Custom solutions rather than one-size-fits-all
Coatings can be wafer-thin or several millimeters thick. They can be porous or impermeable, brittle, malleable, or even feature ingredients that allow them to act like lubricants. “There are no one-size-fits-all solutions, only custom ones: each coating must be suitable and engineered for the recipient material. That’s the only way to end up with exactly the surface properties that the specific application prescribes,” Schneiderbanger explains.
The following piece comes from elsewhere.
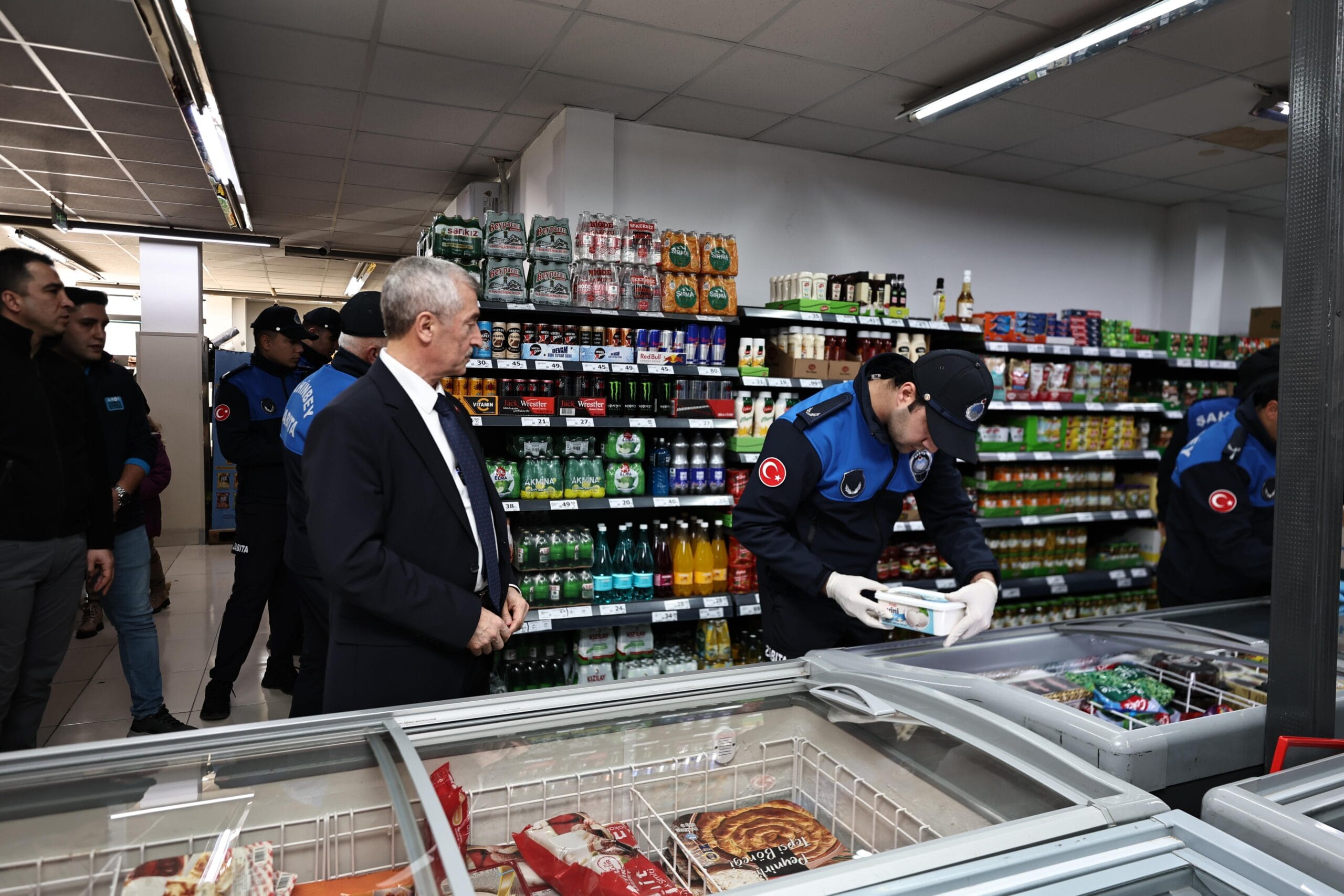 BAŞKAN TAHMAZOĞLU, “HALKIN SAĞLIĞINI TEHLİKEYE ATAN İŞ YERLERİNİ KAPATIYORUZ”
But how do experts come up with these custom solutions? Schneiderbanger clearly recalls the day when a designer came to him to report a serious wear issue concerning the outer air seals in an engine that was being developed. Located in a circular arrangement in the low-pressure turbine, these shroud segments were being pushed against a piston ring at high pressure during operation. Such pressure can cause the surfaces of the two metal components to connect and then, through vibration for example, break apart and damage the material. To eliminate this vibration-friction wear, or fretting as it is known, Schneiderbanger’s team had to find a coating that would prevent direct contact between the materials as well as a highly precise way of applying it so as to avoid major reworking of the components. They coated more than a hundred test pieces before they hit upon the right balance of adhesion, hardness, porosity, and oxide content. It took a full year of development until the shroud segments could be coated as standard during production and installed in the engines. But it was well worth the effort. “We know we’ve done a good job when everything runs smoothly,” Schneiderbanger says.